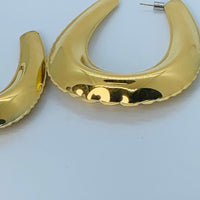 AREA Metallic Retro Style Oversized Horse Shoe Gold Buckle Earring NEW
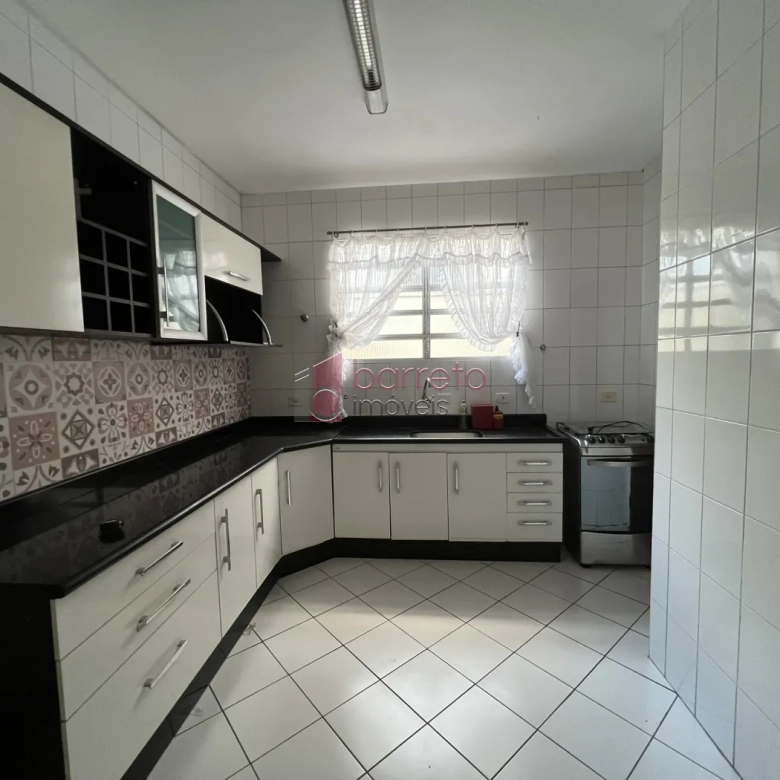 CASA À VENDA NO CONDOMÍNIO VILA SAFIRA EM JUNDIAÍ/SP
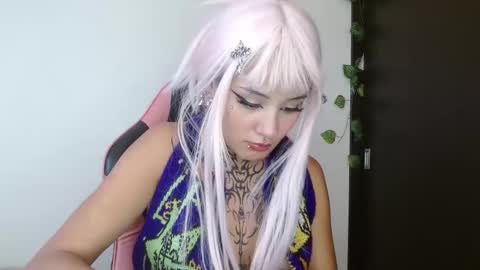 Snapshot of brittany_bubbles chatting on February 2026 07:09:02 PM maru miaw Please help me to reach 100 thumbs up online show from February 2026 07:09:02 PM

================================

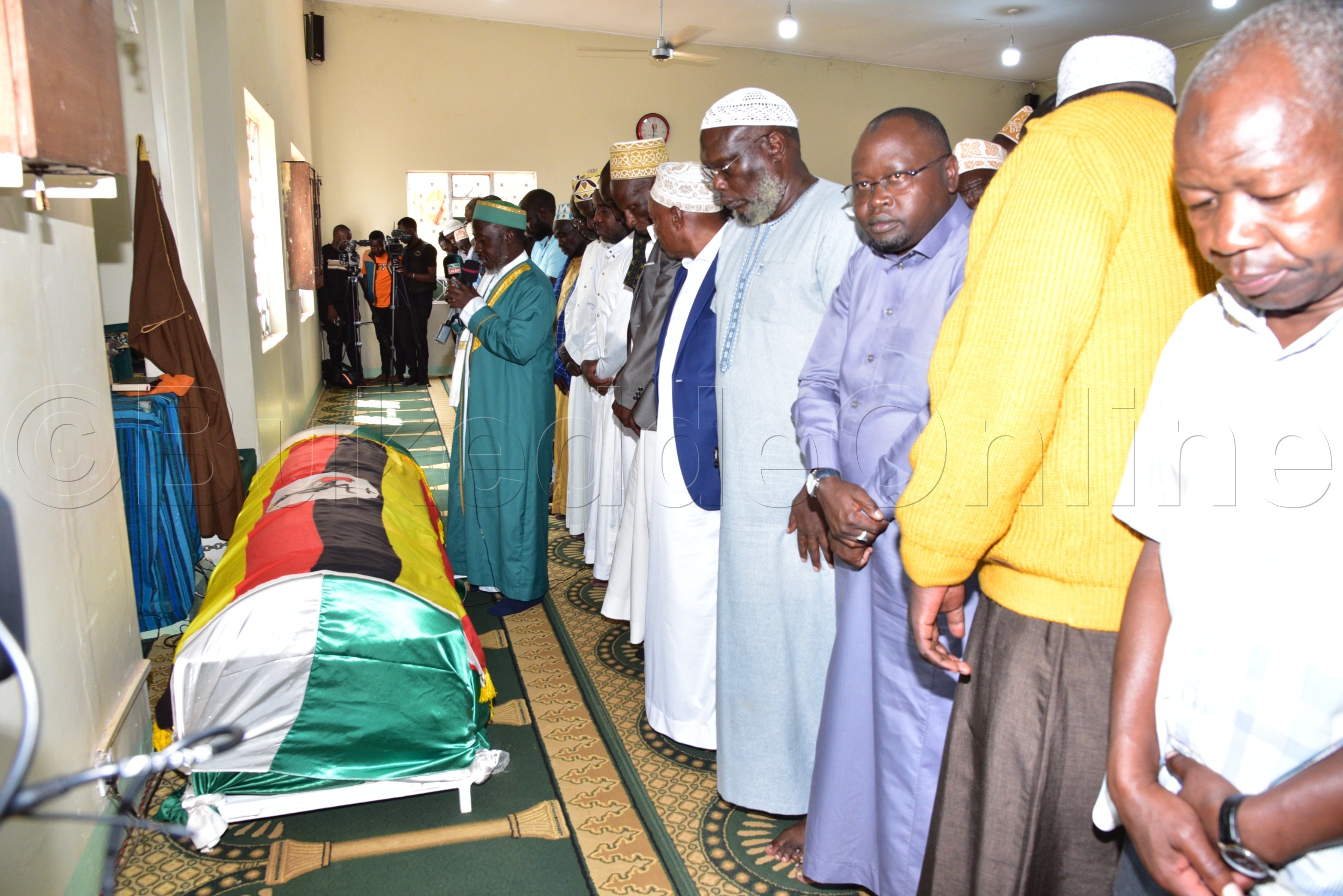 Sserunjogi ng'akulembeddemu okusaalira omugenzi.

================================

_Your instructions_. Look through the listing above for the line with "CASA À VENDA" and the line with "Snapshot of brittany_bubbles". Write out exactly those lines and everything between, leaving out pictures.

_Response_.
 CASA À VENDA NO CONDOMÍNIO VILA SAFIRA EM JUNDIAÍ/SP
 Snapshot of brittany_bubbles chatting on February 2026 07:09:02 PM maru miaw Please help me to reach 100 thumbs up online show from February 2026 07:09:02 PM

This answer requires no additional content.